Return each entry word for word, without its pictures.

### WORKING DATA:
--- --- ---

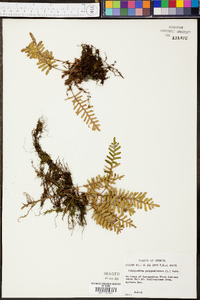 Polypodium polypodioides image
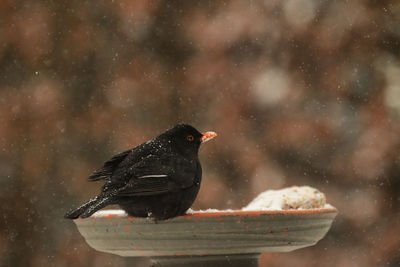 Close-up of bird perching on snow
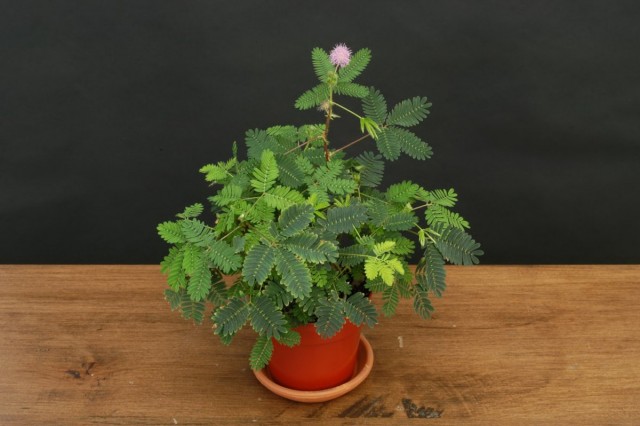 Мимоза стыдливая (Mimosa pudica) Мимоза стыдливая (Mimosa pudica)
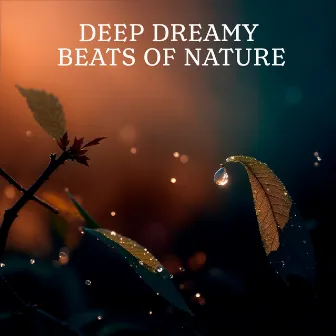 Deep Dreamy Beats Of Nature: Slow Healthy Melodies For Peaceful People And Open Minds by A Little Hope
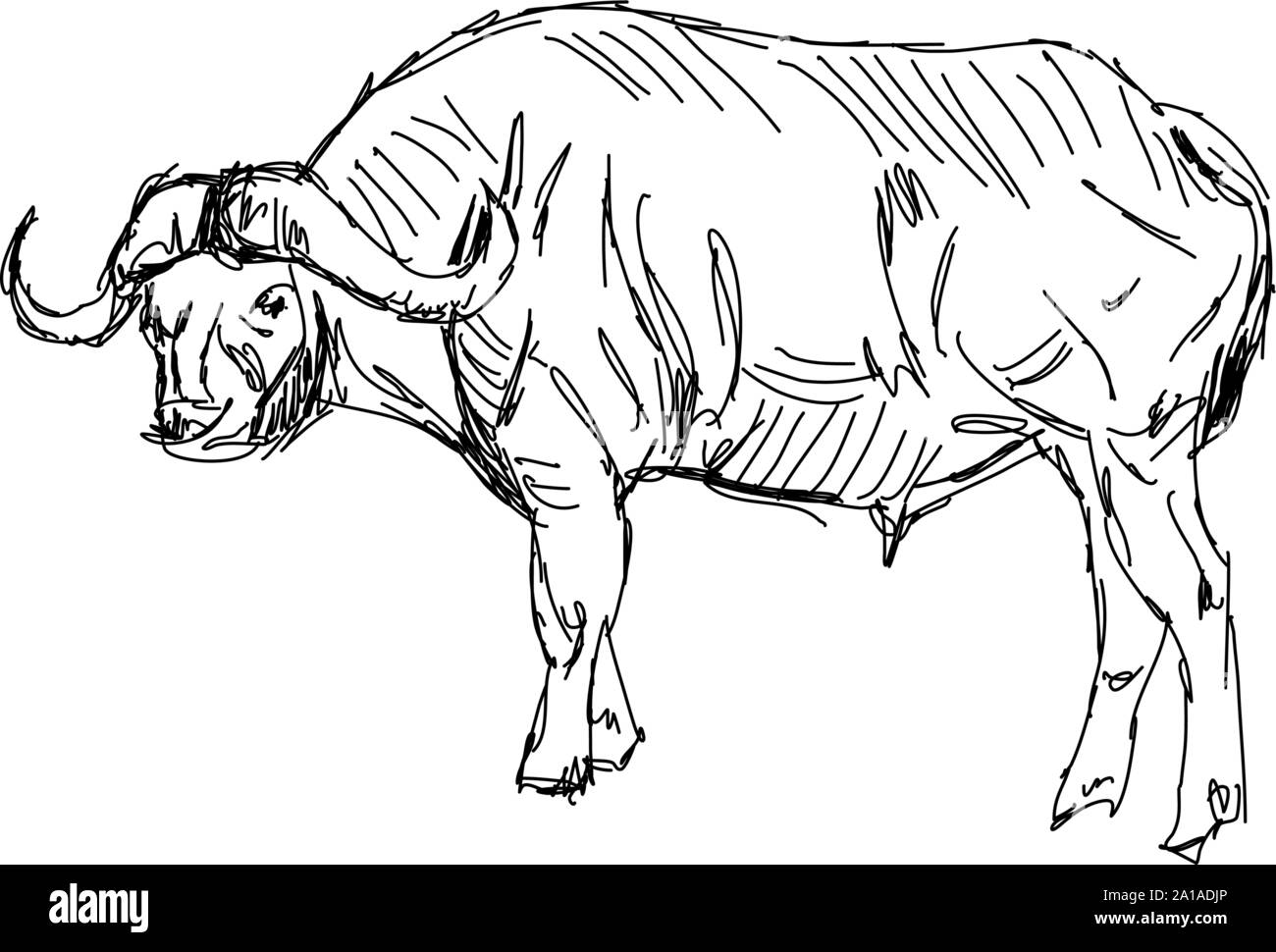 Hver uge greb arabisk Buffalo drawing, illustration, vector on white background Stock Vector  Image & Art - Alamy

--- --- ---

### RESULT OF THIS EXERCISE:
 Polypodium polypodioides image
 Close-up of bird perching on snow
 Мимоза стыдливая (Mimosa pudica) Мимоза стыдливая (Mimosa pudica)
 Deep Dreamy Beats Of Nature: Slow Healthy Melodies For Peaceful People And Open Minds by A Little Hope
 Hver uge greb arabisk Buffalo drawing, illustration, vector on white background Stock Vector  Image & Art - Alamy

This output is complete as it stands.